[Recorded data]

++++++

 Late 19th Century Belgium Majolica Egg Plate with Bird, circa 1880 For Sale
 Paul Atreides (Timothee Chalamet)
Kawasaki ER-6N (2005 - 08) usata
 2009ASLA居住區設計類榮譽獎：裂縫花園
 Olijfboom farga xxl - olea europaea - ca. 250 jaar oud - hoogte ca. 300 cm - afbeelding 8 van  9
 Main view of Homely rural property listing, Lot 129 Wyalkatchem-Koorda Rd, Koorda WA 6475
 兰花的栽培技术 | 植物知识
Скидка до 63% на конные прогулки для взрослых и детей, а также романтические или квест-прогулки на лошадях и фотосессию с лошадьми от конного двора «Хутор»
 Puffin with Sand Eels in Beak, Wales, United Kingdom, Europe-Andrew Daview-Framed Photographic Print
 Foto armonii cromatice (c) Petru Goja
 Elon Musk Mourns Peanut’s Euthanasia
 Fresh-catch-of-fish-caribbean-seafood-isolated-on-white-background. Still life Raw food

++++++

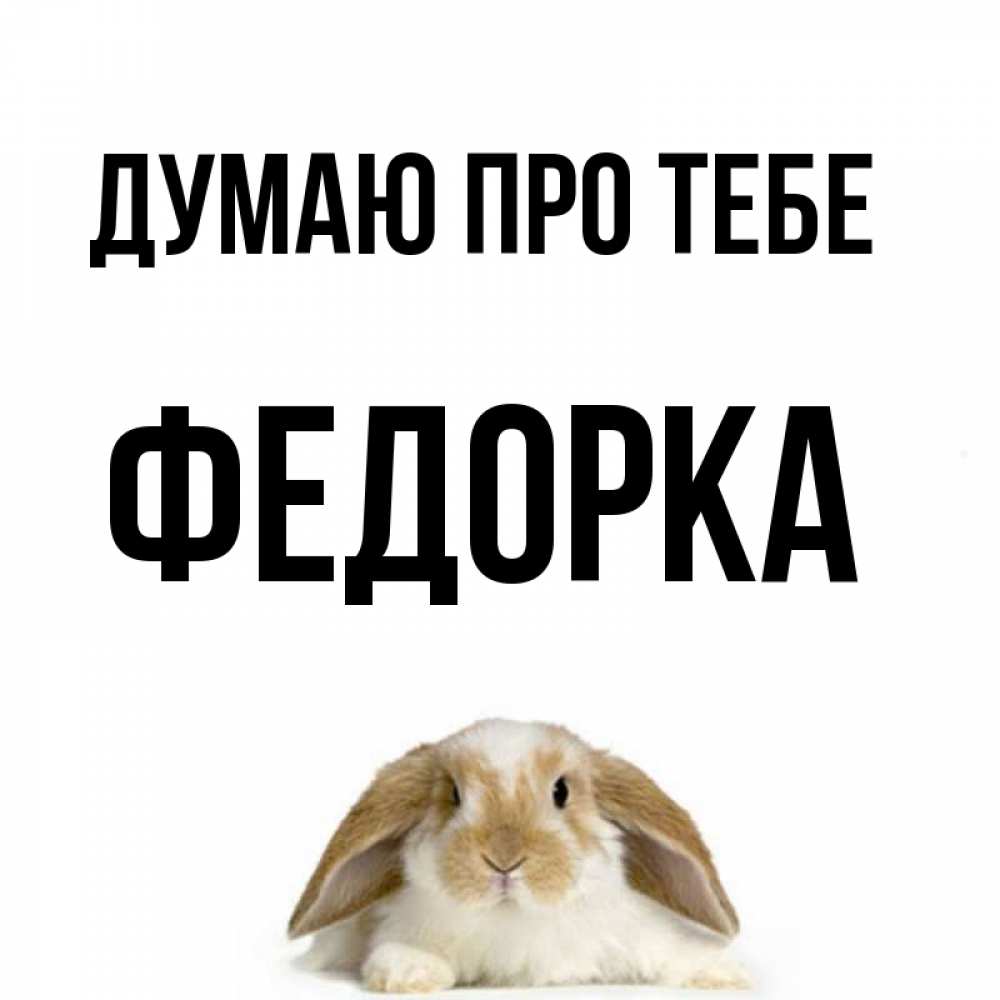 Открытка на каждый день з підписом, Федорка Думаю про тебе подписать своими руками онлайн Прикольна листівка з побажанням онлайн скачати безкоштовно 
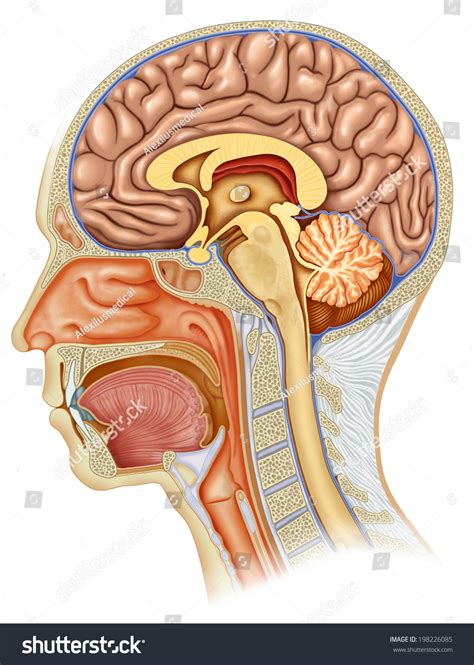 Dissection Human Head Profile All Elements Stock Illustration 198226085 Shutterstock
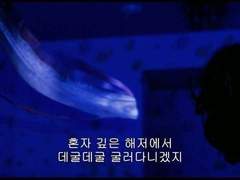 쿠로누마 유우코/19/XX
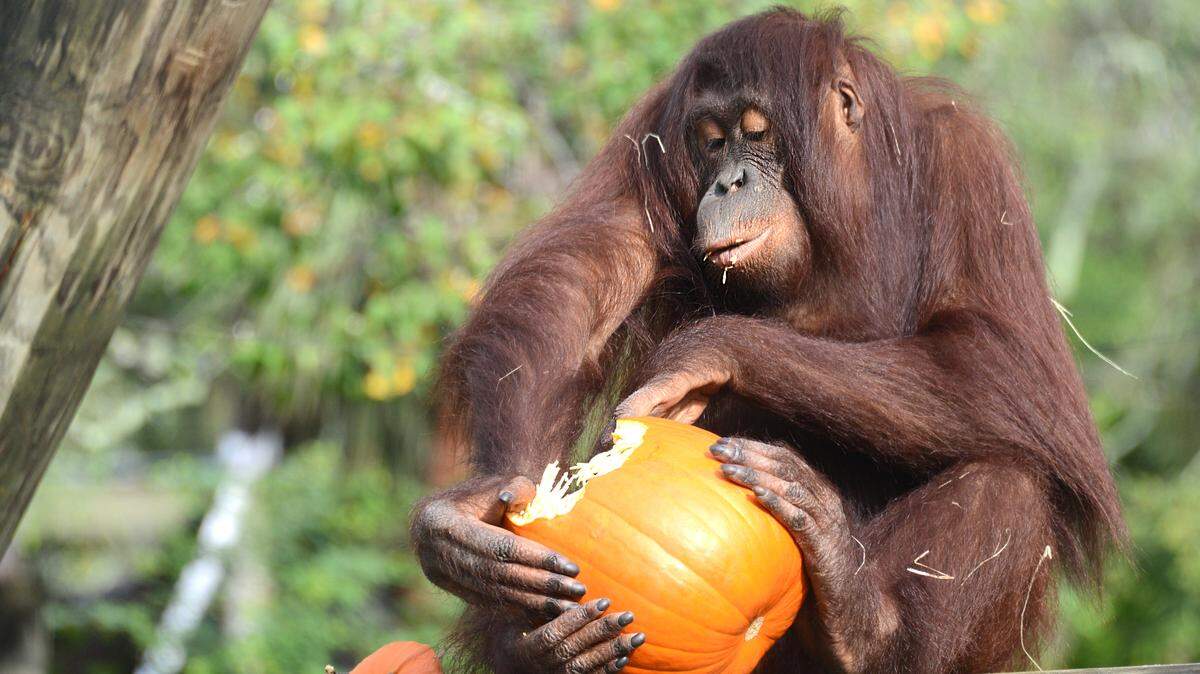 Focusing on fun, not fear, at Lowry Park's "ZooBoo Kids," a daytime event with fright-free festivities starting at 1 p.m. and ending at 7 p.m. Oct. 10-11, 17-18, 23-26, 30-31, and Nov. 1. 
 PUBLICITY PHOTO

++++++

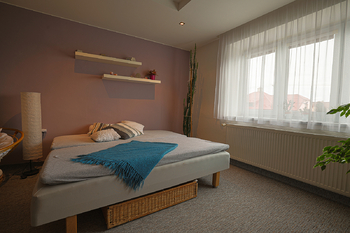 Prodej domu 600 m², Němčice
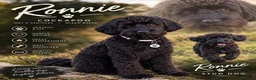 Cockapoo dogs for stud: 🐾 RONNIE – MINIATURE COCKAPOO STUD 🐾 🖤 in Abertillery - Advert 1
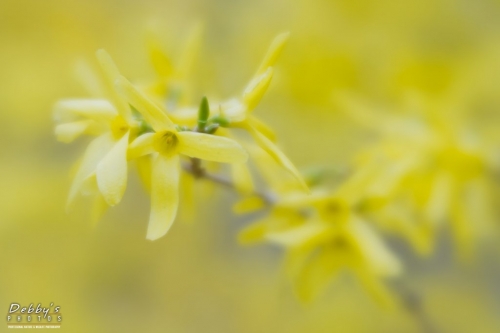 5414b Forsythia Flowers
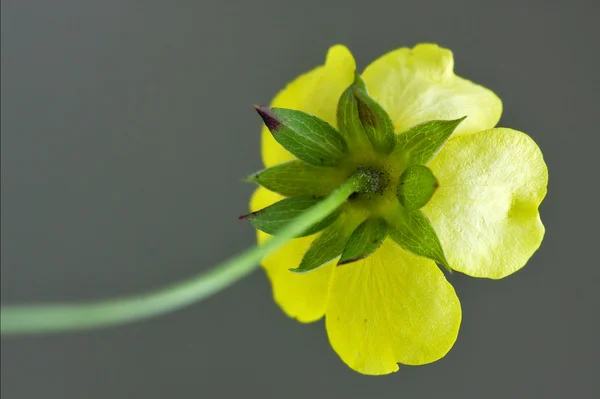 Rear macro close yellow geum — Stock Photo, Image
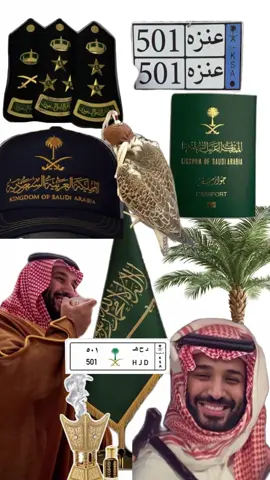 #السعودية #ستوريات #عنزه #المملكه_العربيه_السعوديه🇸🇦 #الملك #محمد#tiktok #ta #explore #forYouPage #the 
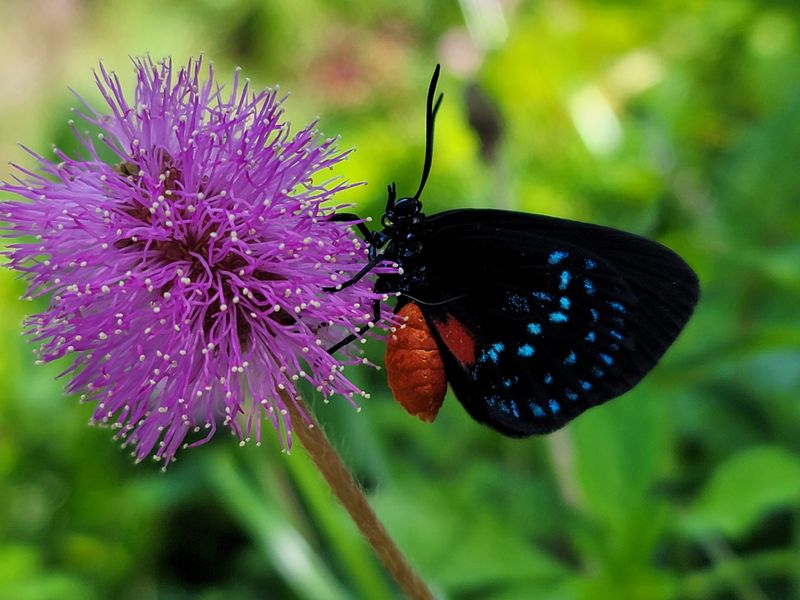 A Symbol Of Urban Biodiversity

++++++

» What to do
Please output the lines above beginning at the line with "쿠로누마 유우코/19/XX" and ending after the line with "PUBLICITY PHOTO", precisely as written and with no pictures.

» Finished exercise
 쿠로누마 유우코/19/XX
 Focusing on fun, not fear, at Lowry Park's "ZooBoo Kids," a daytime event with fright-free festivities starting at 1 p.m. and ending at 7 p.m. Oct. 10-11, 17-18, 23-26, 30-31, and Nov. 1. 
 PUBLICITY PHOTO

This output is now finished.